Il m'a été demandé de m'exprimer devant vous en prélude à votre session de l'après-midi qui a pour thème « Nouveaux défis, nouvelles missions, un projet transatlantique pour le 21e siècle? ». C'est Alphonse Allais, à moins que ce ne soit Tristan Bernard, qui disait « le métier de prévisionniste est un dur métier, surtout quand il traite de l'avenir ». Autant dire que l'interrogation qui m'est adressée n'est pas simple. Ceci dit, je suis Secrétaire général de l'OTAN, et non prévisionniste, et la fin proche de mon mandat m'autorise quelque liberté. Je vais donc tenter d'esquisser une analyse, si ce n'est une réponse, à cette question fondamentale pour l'avenir de notre Alliance atlantique.

Il me semble qu'en cette année 2009, deux questions se distinguent de toutes les autres de par leur caractère particulièrement urgent: les multiples défis de sécurité et la profonde crise économique et financière actuelle.  La chronologie même des prochaines semaines l'illustre parfaitement: les chefs d'Etat et de gouvernement de l'OTAN, qui se réuniront au sommet à Strasbourg et Kehl les 3 et 4 avril, auront d'abord, pour beaucoup, pris part au G20, à Londres, le 2 avril. Bien que ces questions puissent sembler distinctes, elles ont en commun un certain nombre de caractéristiques importantes : premièrement, leurs conséquences sont exacerbées par la mondialisation et l’interdépendance croissante entre les États ; deuxièmement, aucun État ni aucune organisation ne peut, chacun de son côté, pleinement faire face à ces défis; troisièmement, la sévérité de la contrainte exercée par la crise sur les budgets de défense ne peut que rendre plus aigu l'arbitrage traditionnel des moyens entre politique intérieure et politique extérieure et de défense.  Une coopération et une coordination internationales étendues entre les pays et les organisations régionales et internationales sont désormais essentielles.

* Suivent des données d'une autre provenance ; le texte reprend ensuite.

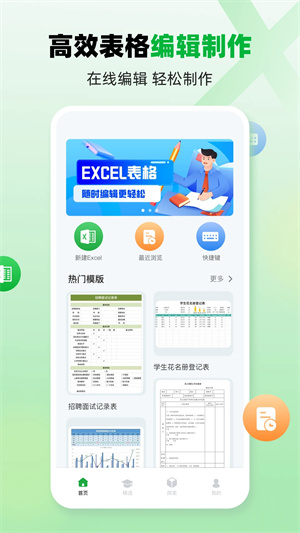 Excel手机版免费下载 第4张图片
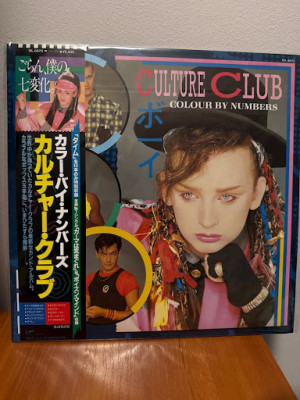 CClub.jpg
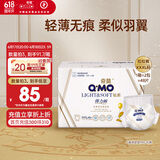 奇莫Q-MO轻柔婴儿拉拉裤XXXL48片(17kg以上)加大码弹力裤裸感超薄透气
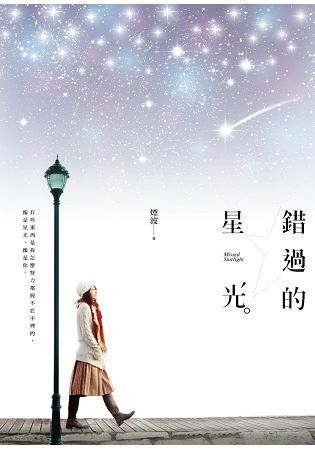 錯過的星光 (電子書)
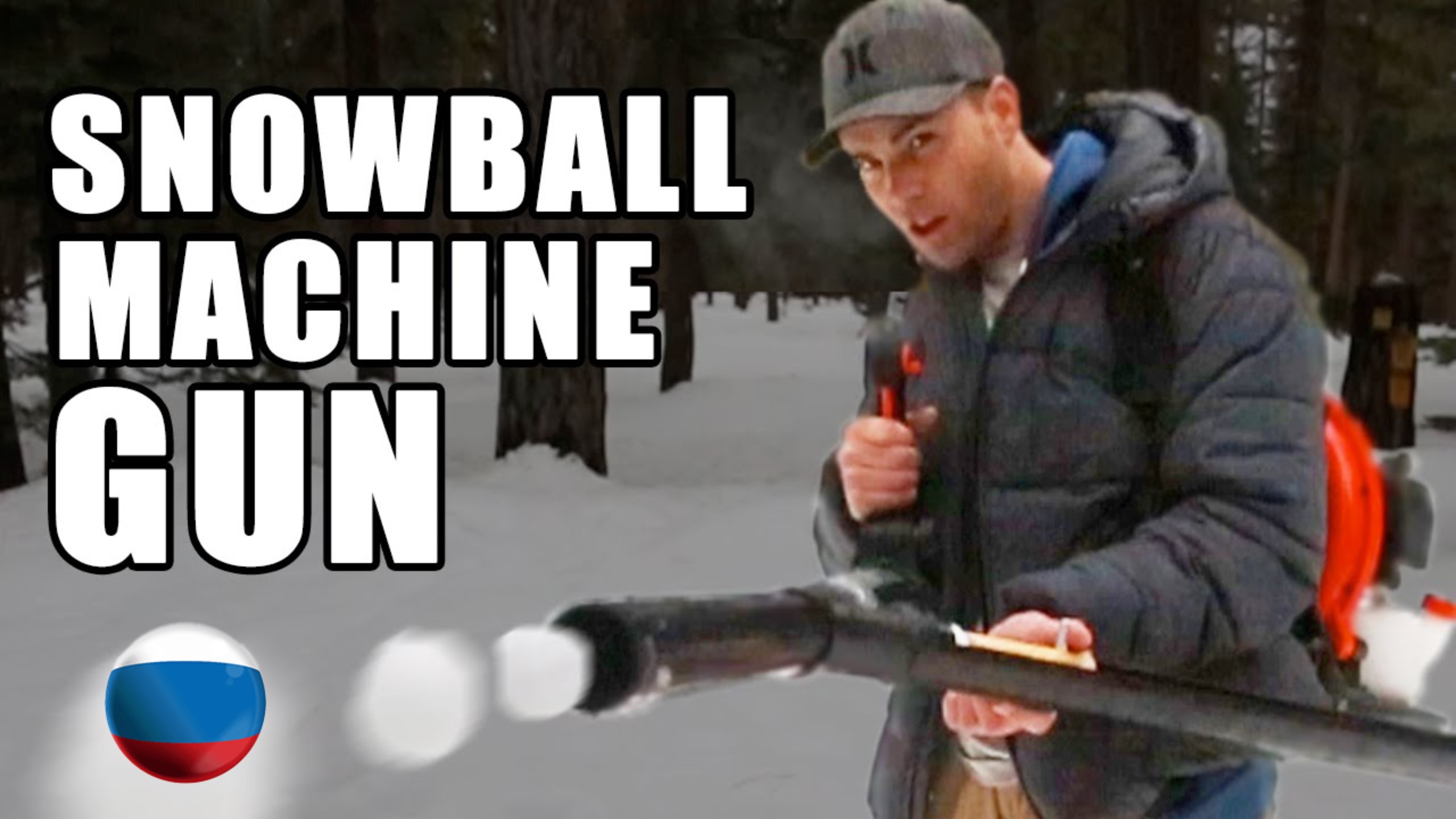 [Mark Rober] Пулемёт для Снежков- Как сделать [Марк Робер] смотреть онлайн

En ce qui concerne les défis en matière de sécurité, l'OTAN apporte, depuis sa création en 1949, une contribution majeure au renforcement de la paix et de la sécurité internationales.  Il est important pour la communauté internationale, et pour la France, que l’OTAN continue d’être un instrument utile, qui apportera cette contribution pendant longtemps encore.  Mais quelle forme celle-ci devrait-elle prendre ? Il est essentiel que tous ceux qui souhaitent participer efficacement au débat sur le futur de l’Alliance aient une bonne idée de ce qui est possible et nécessaire. 

Il est évident que pour l'opinion publique, en France comme dans le reste des pays alliés, l'OTAN apparaît indissociable de sa mission actuelle en Afghanistan.  De fait, l’Afghanistan est notre priorité opérationnelle. Mais l’Afghanistan n’est pas qu’un engagement opérationnel. L’Afghanistan illustre aussi la nature multi-dimensionnelle des crises et de la notion de sécurité.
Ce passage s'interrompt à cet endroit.